Preferisco allora pregare secondo la traduzione con maligno, per ricordare quel male che ci pesa, che ci rende gravoso vivere e che può farci dubitare di Dio, quindi farci allontanare da Dio come le tentazioni, infatti nelle difficoltà possiamo cercare scorciatoie oppure nel dolore siamo portati a negare Dio, dinnanzi al male alle volte non ci si chiede solo “perché”, ma si dubita del suo amore incondizionato per noi…

Liberaci dunque Signore da ciò che è maligno, che oltre al dolore e alla sofferenza rischia di portarci via l’unica nostra consolazione in vita e in morte: sapere che siamo tuoi figli amati e che mai ci abbandonerai.

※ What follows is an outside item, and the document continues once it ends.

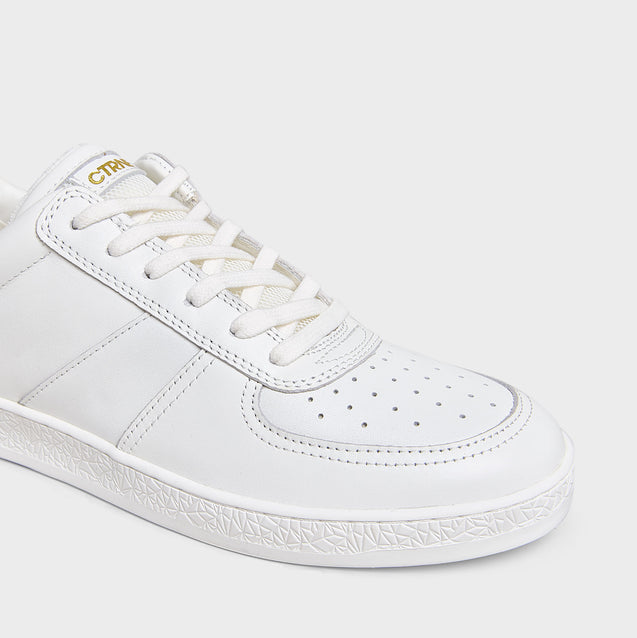 Geode Manifest Sneaker in White/Leather Ladies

Perché a te appartengono il regno, la potenza e la gloria nei secoli dei secoli. Amen

Praticamente tutti gli studiosi giudicano questa frase un’aggiunta successiva. È un finale, forse liturgico, che conclude senza aggiungere molto di più alla preghiera, e che ribadisce la fiducia nel nostro comune Padre cui spetta per sempre il governo di ogni cosa, che ha potenza su ogni cosa e a cui solo va resa la gloria.

I riformati francesi del periodo del “Deserto”, aggiungevano sempre questa conclusione per ribadire il loro credo, quando erano costretti a partecipare alle messe cattoliche. Forse per questo fra i protestanti si usa ancora.

Quando si prega infatti non è solo uno sguardo al futuro dei secoli dei secoli, ma anche un essere in comunione con coloro che ci hanno preceduto e che non solo ci hanno consegnato la preghiera, ma anche ci trasmettono la loro speranza. Siamo noi nel loro futuro, per il quale anche hanno pregato.

L’Amen poi va spiegato. Parola di origine ebraica si può tradurre in “in verità” ma anche “è così”, come a ribadire è proprio così. La traduzione “così sia” con il congiuntivo invece introduce un senso di incertezza che non vi è presente. È proprio così già da oggi e lo sarà come lo è stato. Cosa? Quello per cui si è pregato riguardo a Dio e con fiducia anche per noi stessi.

Come scrisse Martin Lutero:

Perciò la parola «Amen» significa veramente, in verità, certamente, ed è una parola della fede ferma del cuore, come se tu dicessi: «O Dio Padre, non dubito che quanto ho richiesto sia certamente vero e che accadrà non già perché io l’abbia pregato, ma perché tu hai comandato di pregare e hai fatto delle ferme promesse.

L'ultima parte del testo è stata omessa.